The title of this subsection provides the answer - we first need to package the pair of predicates into a single \((\alpha, \beta) : X \to \{0, 1\}^2\). Only then can we apply $\text{AND}$ to form the predicate $(\alpha \land \beta)(x) := \text{AND}(\alpha(x), \beta(x))$.

So, in order to apply the argument above, we need to show that packaging is also an orthogonal/independent process to precomposition. Explicitly, for any $f : Z \to X$, we need $(\alpha \circ f, \beta \circ f) = (\alpha, \beta) \circ f$ as functions \(Z \to \{0, 1\}\):

It doesn’t matter if we first package and then compose, or compose and then package, is what we need to verify. For this, we can use the definition of function equality. For any $z \in Z$, we have \([(\alpha, \beta) \circ f](z) := (\alpha, \beta)(f(z)) := (\alpha(f(z)), \beta(f(z)))\) using the definitions of function composition and packaging.
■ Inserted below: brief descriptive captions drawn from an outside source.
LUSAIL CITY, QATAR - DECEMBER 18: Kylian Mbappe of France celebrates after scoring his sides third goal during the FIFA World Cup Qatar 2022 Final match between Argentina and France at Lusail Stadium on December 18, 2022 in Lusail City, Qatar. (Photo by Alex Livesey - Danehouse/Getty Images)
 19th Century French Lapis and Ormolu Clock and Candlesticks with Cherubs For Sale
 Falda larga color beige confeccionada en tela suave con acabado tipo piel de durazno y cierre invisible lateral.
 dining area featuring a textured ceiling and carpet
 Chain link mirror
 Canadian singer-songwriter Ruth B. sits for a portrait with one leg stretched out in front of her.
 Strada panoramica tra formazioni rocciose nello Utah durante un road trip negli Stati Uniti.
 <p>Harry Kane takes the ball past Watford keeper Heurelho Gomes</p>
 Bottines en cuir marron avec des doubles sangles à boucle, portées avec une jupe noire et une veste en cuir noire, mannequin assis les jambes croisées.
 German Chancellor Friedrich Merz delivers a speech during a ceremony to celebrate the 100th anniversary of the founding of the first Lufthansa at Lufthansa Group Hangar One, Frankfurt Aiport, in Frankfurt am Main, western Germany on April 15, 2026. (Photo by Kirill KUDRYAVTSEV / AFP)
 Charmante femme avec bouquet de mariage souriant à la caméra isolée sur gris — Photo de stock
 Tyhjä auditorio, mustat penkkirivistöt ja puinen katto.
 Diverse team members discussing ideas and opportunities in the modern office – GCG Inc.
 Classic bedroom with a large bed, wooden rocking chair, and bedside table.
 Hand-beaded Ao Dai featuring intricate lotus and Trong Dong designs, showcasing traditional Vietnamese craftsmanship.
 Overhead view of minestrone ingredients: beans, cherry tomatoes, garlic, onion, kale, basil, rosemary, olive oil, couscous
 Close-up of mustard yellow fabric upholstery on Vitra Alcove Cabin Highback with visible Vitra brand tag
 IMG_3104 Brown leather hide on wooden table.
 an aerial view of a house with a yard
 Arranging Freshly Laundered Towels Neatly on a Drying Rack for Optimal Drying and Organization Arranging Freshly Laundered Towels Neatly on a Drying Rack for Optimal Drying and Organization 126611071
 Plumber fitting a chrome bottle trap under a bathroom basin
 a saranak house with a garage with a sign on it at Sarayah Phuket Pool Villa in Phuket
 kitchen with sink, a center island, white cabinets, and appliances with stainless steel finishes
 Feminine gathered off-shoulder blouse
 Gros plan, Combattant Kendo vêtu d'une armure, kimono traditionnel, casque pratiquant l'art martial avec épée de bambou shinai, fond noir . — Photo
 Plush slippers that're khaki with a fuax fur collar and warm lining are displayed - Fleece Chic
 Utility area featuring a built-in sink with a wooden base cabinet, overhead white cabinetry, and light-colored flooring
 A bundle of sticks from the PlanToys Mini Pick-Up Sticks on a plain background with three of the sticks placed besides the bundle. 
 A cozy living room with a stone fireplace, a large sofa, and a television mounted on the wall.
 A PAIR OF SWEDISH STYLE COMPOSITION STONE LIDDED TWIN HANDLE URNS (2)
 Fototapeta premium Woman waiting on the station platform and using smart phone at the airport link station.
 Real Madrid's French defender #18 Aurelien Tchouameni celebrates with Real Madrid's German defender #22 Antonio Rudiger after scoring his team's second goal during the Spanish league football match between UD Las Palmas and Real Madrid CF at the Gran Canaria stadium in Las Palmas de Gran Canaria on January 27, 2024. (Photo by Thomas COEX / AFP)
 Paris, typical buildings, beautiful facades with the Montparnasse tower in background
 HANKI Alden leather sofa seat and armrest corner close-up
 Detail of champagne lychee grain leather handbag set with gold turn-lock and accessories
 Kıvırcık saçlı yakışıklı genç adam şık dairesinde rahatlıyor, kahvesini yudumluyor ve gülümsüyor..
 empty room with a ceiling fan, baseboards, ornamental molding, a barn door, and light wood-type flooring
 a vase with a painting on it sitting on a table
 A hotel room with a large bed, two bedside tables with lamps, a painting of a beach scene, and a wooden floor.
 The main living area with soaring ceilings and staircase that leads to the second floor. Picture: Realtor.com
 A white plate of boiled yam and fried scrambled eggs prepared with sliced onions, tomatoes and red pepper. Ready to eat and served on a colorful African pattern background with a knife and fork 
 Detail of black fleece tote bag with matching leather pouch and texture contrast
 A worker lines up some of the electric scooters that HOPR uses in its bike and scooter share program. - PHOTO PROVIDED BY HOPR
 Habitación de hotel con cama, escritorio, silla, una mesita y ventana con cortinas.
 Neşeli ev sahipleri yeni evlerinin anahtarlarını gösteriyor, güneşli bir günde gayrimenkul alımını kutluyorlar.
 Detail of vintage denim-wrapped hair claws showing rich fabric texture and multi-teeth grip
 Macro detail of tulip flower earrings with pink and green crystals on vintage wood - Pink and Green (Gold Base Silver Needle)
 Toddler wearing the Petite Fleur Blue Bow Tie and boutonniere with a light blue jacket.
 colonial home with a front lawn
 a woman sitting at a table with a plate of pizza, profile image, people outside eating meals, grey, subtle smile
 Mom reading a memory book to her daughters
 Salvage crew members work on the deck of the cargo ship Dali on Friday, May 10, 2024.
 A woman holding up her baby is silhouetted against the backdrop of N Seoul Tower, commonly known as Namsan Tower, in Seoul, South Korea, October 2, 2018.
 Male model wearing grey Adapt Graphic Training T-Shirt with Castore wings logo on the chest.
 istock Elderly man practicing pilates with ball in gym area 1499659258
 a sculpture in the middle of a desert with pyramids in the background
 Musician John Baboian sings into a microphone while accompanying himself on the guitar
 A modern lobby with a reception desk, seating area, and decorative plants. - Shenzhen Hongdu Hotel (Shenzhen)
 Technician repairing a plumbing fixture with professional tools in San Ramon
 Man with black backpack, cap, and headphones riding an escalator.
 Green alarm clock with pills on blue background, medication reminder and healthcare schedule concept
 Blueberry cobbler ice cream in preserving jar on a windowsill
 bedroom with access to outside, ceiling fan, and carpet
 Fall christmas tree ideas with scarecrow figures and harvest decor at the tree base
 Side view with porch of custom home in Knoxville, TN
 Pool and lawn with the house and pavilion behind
On the other hand, $(\alpha \circ f, \beta \circ f)(z) := ((\alpha \circ f)(z), (\beta \circ f)(z)) := (\alpha(f(z)), \beta(f(z)))$ using these definitions. And these expressions are equal! Thus, \(\forall z \in Z, (\alpha \circ f, \beta \circ f)(z) = [(\alpha, \beta) \circ f](z)\), which establishes the equality $(\alpha \circ f, \beta \circ f) = (\alpha, \beta) \circ f$.

Now we can properly complete the proof of $f^{-1}(A \cap B) = f^{-1}(A) \cap f^{-1}(B)$. In predicate-world, we need $(\text{AND} \circ (\alpha, \beta)) \circ f = \text{AND} \circ (\alpha \circ f, \beta \circ f)$. But since packaging is orthgonal to/independent of precomposition, the expression on the RHS is equal to $\text{AND} \circ ((\alpha, \beta) \circ f)$, and we’ve reduced the equality to associativity!

Finally, we have a uniform proof that preimage commutes with any subset operation you can think of - union, intersection, complement, set difference, symmetric difference, indexed union, indexed intersection… all of them. The strategy is:

• Encode the subsets as predicates.
• Encode the subset operation as a logical operation, so a map \(\{0, 1\}^J \to \{0, 1\}\) for $J$ the “arity” of the operation. For complementation we had $J = 1$, and for intersection we had $J = 2$. This also takes care of the case of indexed unions like $\bigcap_{j \in J} A_j$, where $J$ is now an index set.
• Then, preimage preserves this subset operation since preimage takes the form of precomposition, while the subset operation takes the form of packaging and postcomposition, both of which are orthogonal to/independent of precomposition.

To me, at least, this provides a satisfactory answer as to why preimage plays so nicely with all subset operations!

Closing Thoughts

When I’ve searched up this question before, the usual category-theoretic response I’ve seen is to appeal to the notion of adjoint functors. Specifically, it turns out that preimage has both a left and right adjoint, and so preserves both limits and colimits. This ensures it preserves intersections and unions respectively.

While I used to like that answer, I found it unsatisfying that it didn’t explain why preimage preserved other subset operations like complements, or symmetric differences. It seemed like I still had to do a “manual” proof for these, which felt unenlightening.

I figured out this alternative perspective a while ago, in terms of packaging predicates, and these days I much prefer it to the adjoint explanation. Preimage being precomposition and subset operations being postcomposition feels like it gives a much stronger reason why the preservation result is true, without needing to appeal to the machinery of adjunctions. These are still useful for showing that, for example, direct image preserves unions. But I hope you’ll agree with me that the “packaging” explanation is both easier than the symbol-chasing proofs, and more conceptually satisfying!